**MATERIAL PROVIDED:**
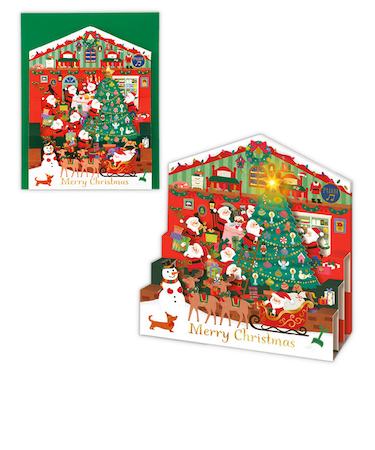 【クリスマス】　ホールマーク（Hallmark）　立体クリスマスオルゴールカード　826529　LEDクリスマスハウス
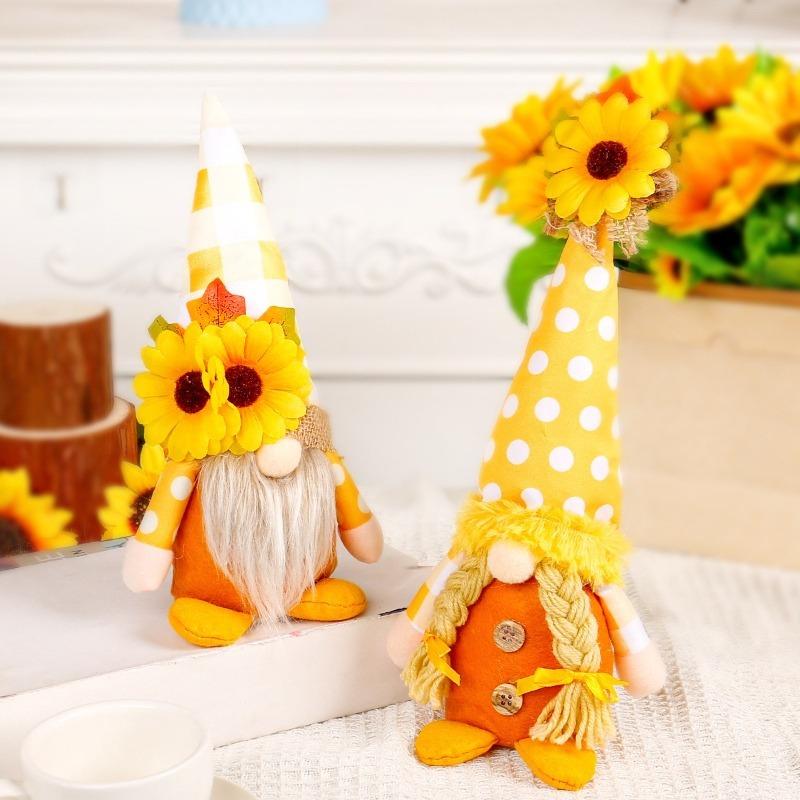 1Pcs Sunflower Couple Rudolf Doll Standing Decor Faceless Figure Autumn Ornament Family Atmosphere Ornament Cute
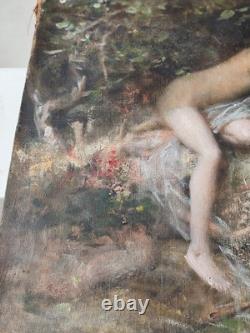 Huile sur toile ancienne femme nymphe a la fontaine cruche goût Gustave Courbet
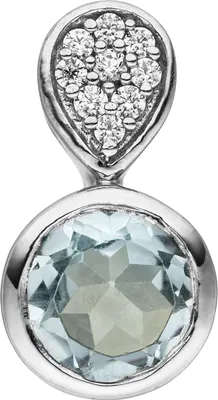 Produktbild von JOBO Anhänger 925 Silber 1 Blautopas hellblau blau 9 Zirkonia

...

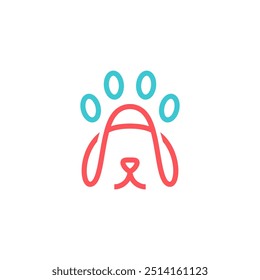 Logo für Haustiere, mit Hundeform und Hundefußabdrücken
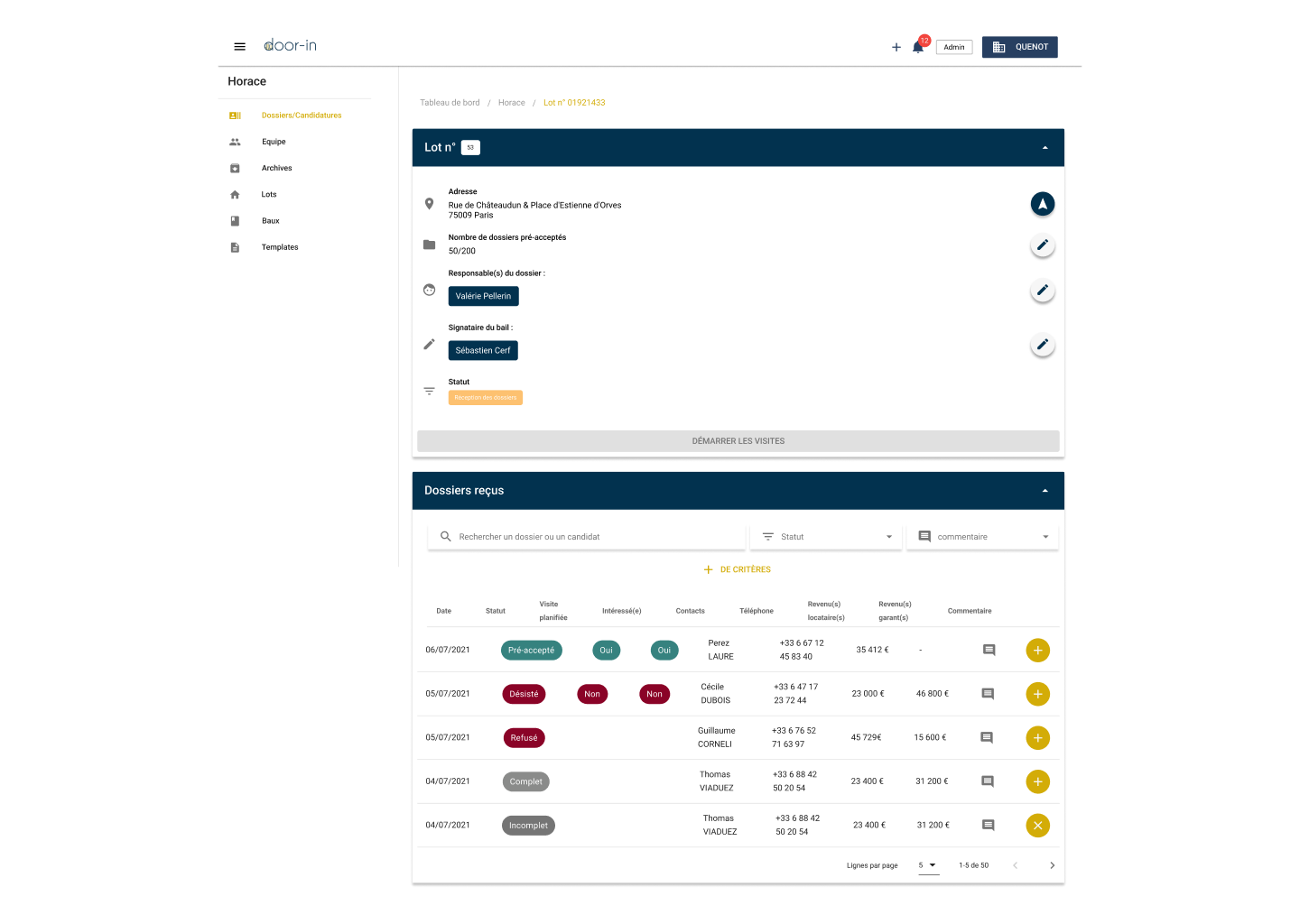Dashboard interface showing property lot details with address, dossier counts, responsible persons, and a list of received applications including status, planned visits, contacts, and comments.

**REQUIRED WORK:** Using the data above, set down each line from the line with "1Pcs Sunflower Couple" to the line with "Produktbild von JOBO" exactly, both ends included, and leave the pictures behind. Nothing else belongs.

**TASK OUTPUT:**
 1Pcs Sunflower Couple Rudolf Doll Standing Decor Faceless Figure Autumn Ornament Family Atmosphere Ornament Cute
 Huile sur toile ancienne femme nymphe a la fontaine cruche goût Gustave Courbet
 Produktbild von JOBO Anhänger 925 Silber 1 Blautopas hellblau blau 9 Zirkonia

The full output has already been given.